*** Record extracts

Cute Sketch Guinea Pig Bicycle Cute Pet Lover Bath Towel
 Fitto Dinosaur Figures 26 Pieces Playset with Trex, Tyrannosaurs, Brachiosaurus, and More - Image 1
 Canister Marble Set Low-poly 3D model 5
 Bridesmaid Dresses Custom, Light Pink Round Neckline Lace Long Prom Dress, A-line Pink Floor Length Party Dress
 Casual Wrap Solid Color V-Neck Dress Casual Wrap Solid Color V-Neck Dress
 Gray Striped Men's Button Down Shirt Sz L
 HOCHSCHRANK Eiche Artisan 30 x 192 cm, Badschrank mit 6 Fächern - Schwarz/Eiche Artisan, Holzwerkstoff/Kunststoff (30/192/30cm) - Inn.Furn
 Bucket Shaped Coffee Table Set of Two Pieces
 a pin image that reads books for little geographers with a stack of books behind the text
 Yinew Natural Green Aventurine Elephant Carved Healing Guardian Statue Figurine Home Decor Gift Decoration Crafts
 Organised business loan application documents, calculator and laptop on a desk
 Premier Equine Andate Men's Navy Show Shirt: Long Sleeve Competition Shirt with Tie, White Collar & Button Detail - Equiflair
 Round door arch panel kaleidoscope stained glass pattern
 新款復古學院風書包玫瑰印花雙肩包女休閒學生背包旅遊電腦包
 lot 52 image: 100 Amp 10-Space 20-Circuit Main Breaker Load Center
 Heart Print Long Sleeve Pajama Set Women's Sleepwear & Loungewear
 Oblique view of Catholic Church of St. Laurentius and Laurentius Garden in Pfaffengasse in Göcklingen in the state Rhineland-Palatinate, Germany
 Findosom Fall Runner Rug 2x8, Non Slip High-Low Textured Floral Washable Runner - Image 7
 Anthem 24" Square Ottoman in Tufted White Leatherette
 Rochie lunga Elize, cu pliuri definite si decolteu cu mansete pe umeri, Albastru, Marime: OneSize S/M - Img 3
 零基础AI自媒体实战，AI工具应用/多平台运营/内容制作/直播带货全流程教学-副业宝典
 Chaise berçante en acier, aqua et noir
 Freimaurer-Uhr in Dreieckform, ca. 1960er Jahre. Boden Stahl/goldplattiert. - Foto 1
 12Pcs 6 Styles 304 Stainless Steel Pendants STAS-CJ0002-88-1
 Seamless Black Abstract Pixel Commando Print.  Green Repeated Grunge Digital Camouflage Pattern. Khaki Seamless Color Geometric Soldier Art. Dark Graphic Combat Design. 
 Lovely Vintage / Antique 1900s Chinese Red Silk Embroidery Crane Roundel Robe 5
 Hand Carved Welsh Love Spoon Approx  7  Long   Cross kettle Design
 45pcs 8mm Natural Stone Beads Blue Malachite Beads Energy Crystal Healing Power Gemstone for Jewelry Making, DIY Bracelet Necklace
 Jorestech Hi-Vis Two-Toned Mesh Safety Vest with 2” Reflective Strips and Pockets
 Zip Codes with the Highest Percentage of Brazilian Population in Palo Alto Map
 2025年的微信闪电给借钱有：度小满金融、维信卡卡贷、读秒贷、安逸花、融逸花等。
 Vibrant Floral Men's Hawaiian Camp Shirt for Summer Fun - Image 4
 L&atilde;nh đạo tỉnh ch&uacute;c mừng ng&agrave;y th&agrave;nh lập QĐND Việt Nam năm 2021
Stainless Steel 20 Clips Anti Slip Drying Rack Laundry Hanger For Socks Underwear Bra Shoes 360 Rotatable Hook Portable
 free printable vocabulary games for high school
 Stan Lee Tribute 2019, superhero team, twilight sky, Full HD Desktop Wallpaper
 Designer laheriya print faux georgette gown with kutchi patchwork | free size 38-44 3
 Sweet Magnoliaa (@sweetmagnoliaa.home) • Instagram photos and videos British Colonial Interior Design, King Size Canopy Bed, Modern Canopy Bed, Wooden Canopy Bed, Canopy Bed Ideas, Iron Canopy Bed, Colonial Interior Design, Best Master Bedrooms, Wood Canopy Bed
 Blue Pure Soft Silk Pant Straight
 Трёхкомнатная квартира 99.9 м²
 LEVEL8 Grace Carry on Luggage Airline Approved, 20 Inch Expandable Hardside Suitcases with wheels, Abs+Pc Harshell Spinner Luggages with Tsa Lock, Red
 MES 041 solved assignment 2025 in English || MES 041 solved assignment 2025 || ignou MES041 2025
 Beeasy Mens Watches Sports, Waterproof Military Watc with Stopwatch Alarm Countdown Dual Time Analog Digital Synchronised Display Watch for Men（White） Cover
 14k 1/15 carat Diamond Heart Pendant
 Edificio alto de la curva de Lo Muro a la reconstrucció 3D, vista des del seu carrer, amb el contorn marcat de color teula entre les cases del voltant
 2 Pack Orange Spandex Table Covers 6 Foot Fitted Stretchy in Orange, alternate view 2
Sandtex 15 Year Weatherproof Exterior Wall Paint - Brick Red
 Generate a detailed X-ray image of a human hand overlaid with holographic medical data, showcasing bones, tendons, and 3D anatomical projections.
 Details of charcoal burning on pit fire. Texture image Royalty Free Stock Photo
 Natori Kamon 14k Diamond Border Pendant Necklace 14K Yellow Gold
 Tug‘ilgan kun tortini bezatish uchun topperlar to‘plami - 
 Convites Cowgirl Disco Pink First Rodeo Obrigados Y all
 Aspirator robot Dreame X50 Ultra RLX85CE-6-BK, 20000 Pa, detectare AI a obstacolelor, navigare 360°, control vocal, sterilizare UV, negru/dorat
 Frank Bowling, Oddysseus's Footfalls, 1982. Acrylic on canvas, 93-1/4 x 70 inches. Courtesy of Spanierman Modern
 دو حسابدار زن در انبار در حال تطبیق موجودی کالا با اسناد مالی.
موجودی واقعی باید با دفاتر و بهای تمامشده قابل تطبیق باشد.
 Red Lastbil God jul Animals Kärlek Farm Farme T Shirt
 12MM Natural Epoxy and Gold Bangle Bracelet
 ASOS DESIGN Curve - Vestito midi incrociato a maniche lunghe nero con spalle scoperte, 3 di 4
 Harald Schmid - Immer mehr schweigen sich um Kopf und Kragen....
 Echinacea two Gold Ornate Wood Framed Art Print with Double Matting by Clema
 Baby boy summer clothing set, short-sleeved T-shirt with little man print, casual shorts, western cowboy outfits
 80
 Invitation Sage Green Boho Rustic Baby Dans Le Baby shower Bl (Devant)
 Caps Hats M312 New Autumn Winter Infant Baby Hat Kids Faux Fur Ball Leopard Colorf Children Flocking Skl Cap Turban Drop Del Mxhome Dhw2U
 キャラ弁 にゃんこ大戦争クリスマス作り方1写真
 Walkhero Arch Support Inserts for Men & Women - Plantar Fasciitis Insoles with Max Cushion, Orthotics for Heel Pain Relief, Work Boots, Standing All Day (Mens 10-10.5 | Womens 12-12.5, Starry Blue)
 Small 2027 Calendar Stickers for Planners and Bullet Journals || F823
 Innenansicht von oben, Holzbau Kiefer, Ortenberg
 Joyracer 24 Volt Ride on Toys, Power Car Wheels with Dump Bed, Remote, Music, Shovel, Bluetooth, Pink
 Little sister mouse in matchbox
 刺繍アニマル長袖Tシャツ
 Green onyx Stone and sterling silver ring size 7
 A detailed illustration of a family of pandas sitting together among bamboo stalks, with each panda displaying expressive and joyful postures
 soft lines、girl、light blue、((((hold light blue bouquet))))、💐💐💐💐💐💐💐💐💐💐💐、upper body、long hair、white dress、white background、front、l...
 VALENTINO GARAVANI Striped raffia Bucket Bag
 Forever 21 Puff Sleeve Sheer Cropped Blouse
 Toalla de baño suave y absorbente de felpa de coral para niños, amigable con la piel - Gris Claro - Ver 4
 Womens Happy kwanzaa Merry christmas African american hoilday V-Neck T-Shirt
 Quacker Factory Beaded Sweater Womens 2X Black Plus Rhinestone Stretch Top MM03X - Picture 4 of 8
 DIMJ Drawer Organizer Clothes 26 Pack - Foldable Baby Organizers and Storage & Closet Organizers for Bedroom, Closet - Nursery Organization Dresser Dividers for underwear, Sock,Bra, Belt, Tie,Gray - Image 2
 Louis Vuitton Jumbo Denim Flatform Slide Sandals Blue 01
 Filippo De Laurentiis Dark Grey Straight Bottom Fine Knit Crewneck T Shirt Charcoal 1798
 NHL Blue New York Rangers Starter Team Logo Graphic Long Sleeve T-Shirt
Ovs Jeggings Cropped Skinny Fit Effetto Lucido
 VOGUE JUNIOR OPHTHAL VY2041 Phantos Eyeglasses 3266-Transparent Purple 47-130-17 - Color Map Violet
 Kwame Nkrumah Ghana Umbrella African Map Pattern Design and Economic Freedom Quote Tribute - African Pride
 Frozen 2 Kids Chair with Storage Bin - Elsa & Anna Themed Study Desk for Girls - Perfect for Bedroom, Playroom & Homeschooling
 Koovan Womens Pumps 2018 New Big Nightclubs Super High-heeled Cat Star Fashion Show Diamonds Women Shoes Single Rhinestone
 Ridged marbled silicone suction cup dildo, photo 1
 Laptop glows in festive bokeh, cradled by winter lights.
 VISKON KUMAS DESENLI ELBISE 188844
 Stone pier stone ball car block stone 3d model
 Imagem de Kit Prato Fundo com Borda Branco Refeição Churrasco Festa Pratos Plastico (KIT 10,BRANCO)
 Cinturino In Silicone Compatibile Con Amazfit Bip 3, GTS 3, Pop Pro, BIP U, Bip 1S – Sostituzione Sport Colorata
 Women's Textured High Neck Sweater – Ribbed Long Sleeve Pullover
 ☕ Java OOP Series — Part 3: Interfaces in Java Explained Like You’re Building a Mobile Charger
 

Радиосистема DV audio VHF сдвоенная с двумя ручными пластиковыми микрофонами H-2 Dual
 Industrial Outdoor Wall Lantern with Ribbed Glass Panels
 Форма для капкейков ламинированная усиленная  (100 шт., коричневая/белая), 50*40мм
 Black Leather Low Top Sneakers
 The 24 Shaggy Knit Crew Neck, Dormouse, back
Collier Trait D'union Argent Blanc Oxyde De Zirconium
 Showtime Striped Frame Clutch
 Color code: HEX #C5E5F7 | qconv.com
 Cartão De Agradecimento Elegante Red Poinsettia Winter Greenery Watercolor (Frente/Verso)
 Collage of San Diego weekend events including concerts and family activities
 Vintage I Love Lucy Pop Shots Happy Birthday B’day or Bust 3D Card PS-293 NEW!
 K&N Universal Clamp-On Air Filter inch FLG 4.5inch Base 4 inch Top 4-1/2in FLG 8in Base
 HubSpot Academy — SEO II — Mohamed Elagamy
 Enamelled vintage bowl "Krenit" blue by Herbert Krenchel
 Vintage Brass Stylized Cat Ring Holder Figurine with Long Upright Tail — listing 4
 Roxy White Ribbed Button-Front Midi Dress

******

▶ _Task item_
Check each line above for the string "Pack" and copy the ones that have it.

▶ _Exercise output_
 2 Pack Orange Spandex Table Covers 6 Foot Fitted Stretchy in Orange, alternate view 2
 DIMJ Drawer Organizer Clothes 26 Pack - Foldable Baby Organizers and Storage & Closet Organizers for Bedroom, Closet - Nursery Organization Dresser Dividers for underwear, Sock,Bra, Belt, Tie,Gray - Image 2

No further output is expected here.